They are usually placed on interesting websites to get the maximum number of viewers. In particular on websites that are related to the banner subject. It would make sense to put an educational banner on a school website. However It would not be appropriate to place a gambling banner on a school website.
An Impression is when a web page is loaded, displaying the banner. A click through is when the viewer clicks the banner and is directed through to the advertised website.
For each click, the content provider usually receives a small amount of money.
Banners present information to attract viewers to the product/service. The success of banners can be monitored in real time.
Skyscraper ads tend to have a higher click through rate so advertisers will pay more for these.

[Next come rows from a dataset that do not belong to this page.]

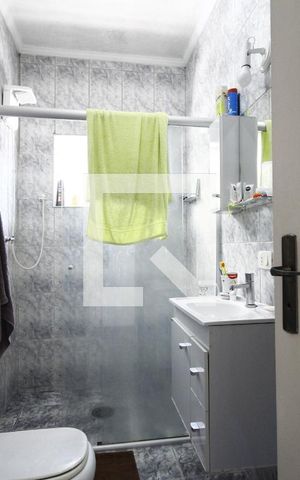 Casa à venda com 161m², 3 quartos e 2 vagasBanheiro
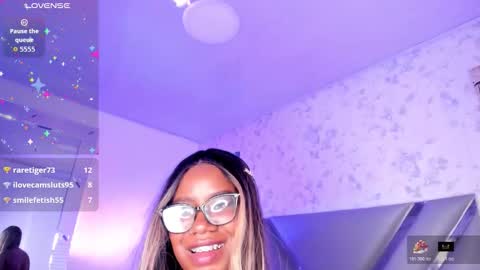         online show from October 21, 7:25 pm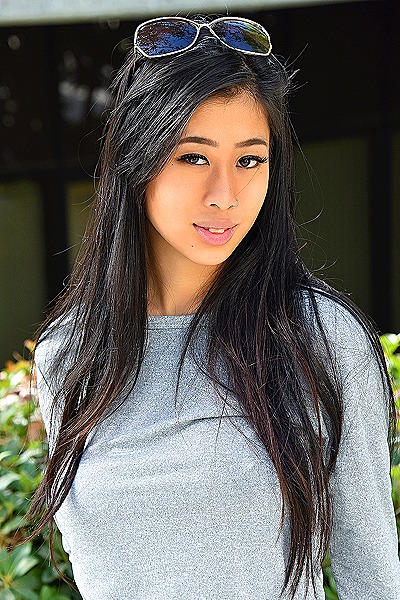 Gray Crop Top Breast-Focused Garden Set
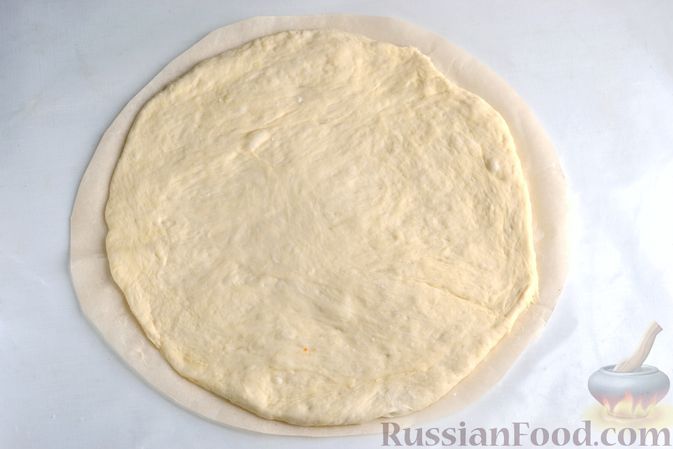 Фото приготовления рецепта: Быстрая пицца с колбасой и сыром - шаг №9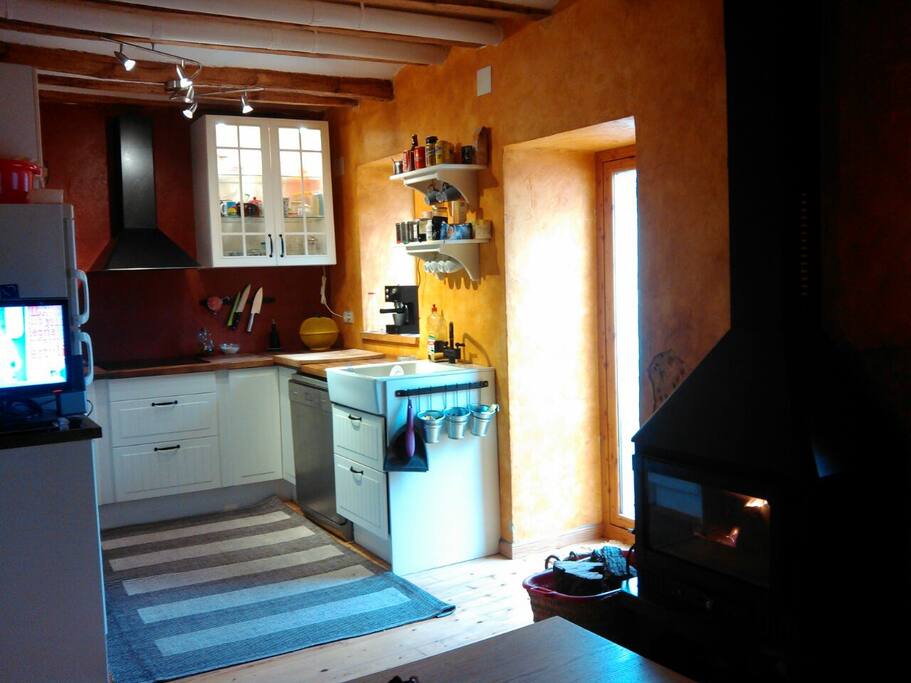 Una cómoda y acogedora cocina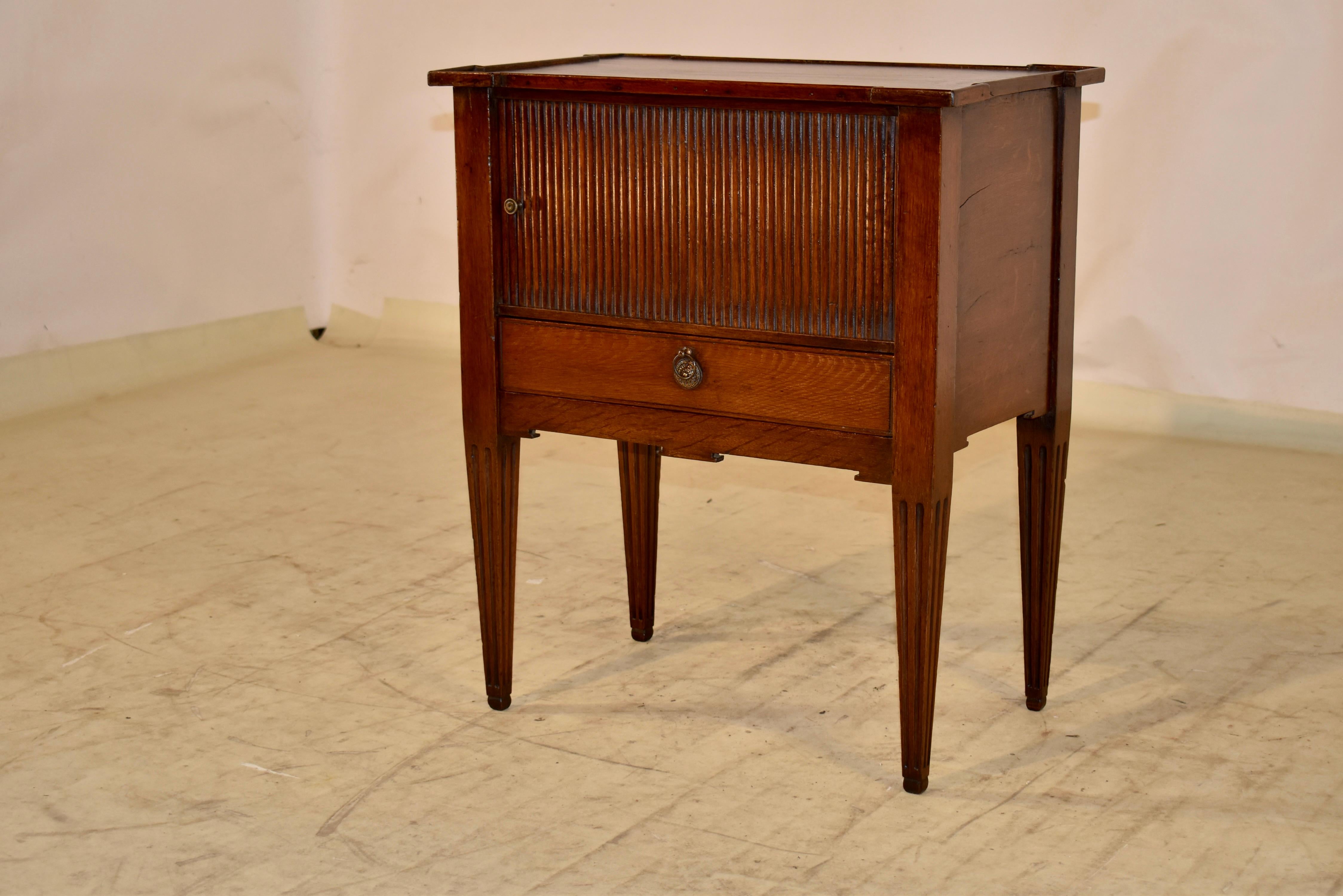 19th Century Early Georgian Mahogany Bedside Cupboard For Sale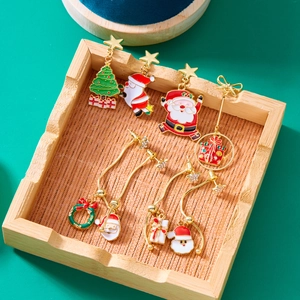 Asymmetric Christmas Santa Claus and star fringe drop earrings in gold enamel finish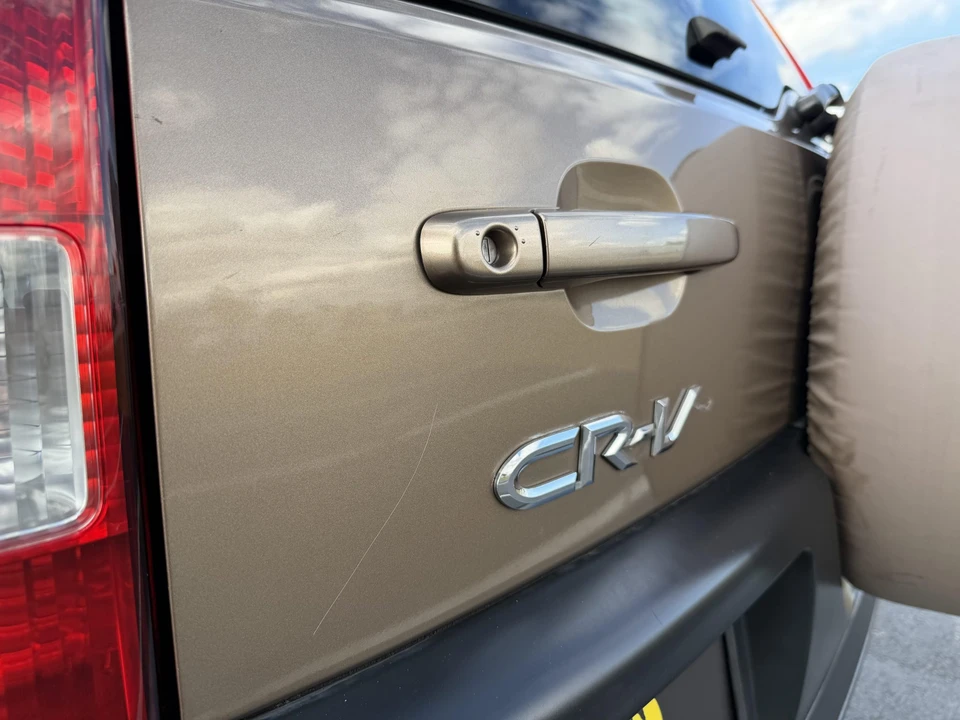 2004 Honda CR-V 2nd Gen - Image 23 of 31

The reason for this is that the bars go down the length of the page so cannot be scrolled past like horizontal banners. It is in view for longer.
A pop up is an ad that “pops up” in a separate window when you go to a page. It obscures the Web page that you are trying to read, so you have to close the window or move it out of the way. They are so popular because they are much more effective than banners.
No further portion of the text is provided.